┌─ Information supplied

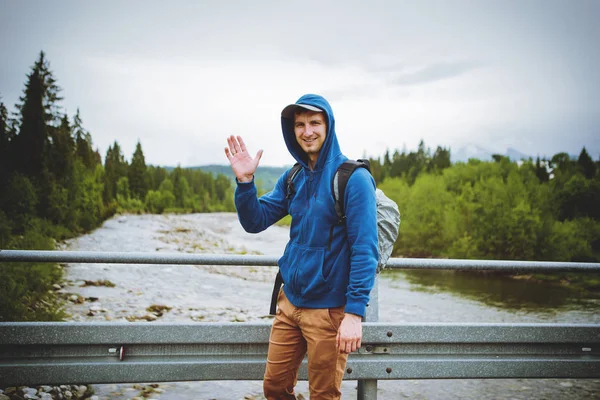 Male tourist standing beside the mountain river — Stock Photo, Image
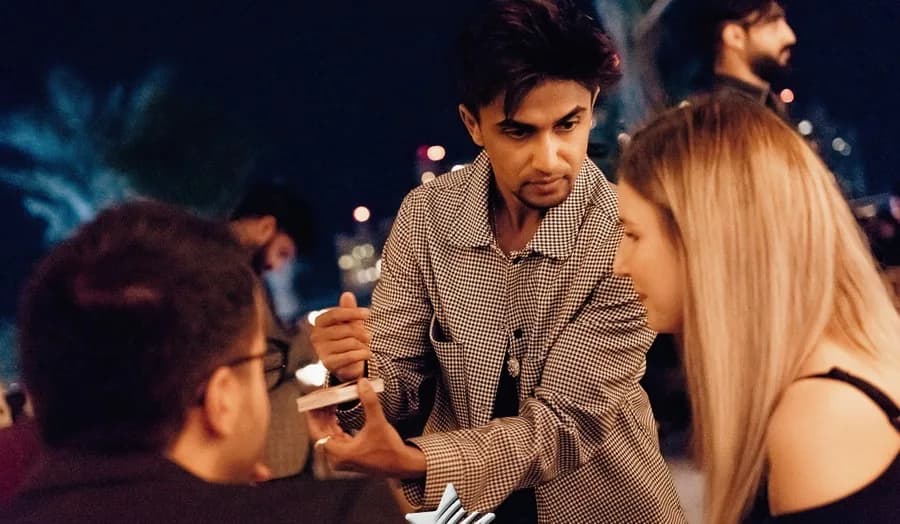 Nabeel leans towards guests during a close-up performance.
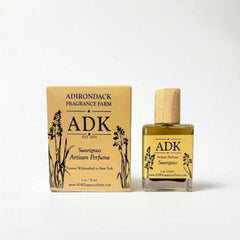 ADK Sweetgrass Artisan Perfume bottle and packaging on a white background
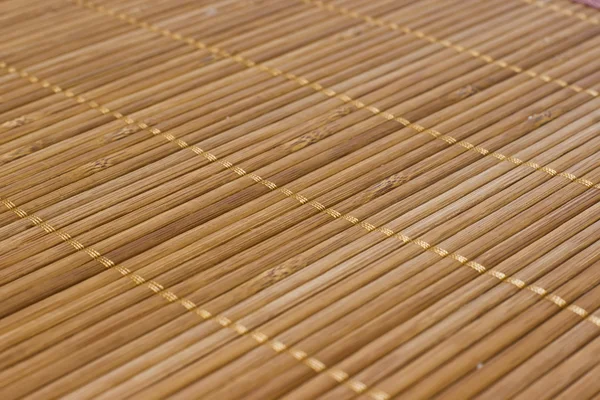 Фон бамбукові палички з об'єднанням ниток — стокове фото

└─

* What is being asked *
Please reproduce the listing exactly, leaving out any pictures.

* Response to the task *
 Male tourist standing beside the mountain river — Stock Photo, Image
 Nabeel leans towards guests during a close-up performance.
 ADK Sweetgrass Artisan Perfume bottle and packaging on a white background
 Фон бамбукові палички з об'єднанням ниток — стокове фото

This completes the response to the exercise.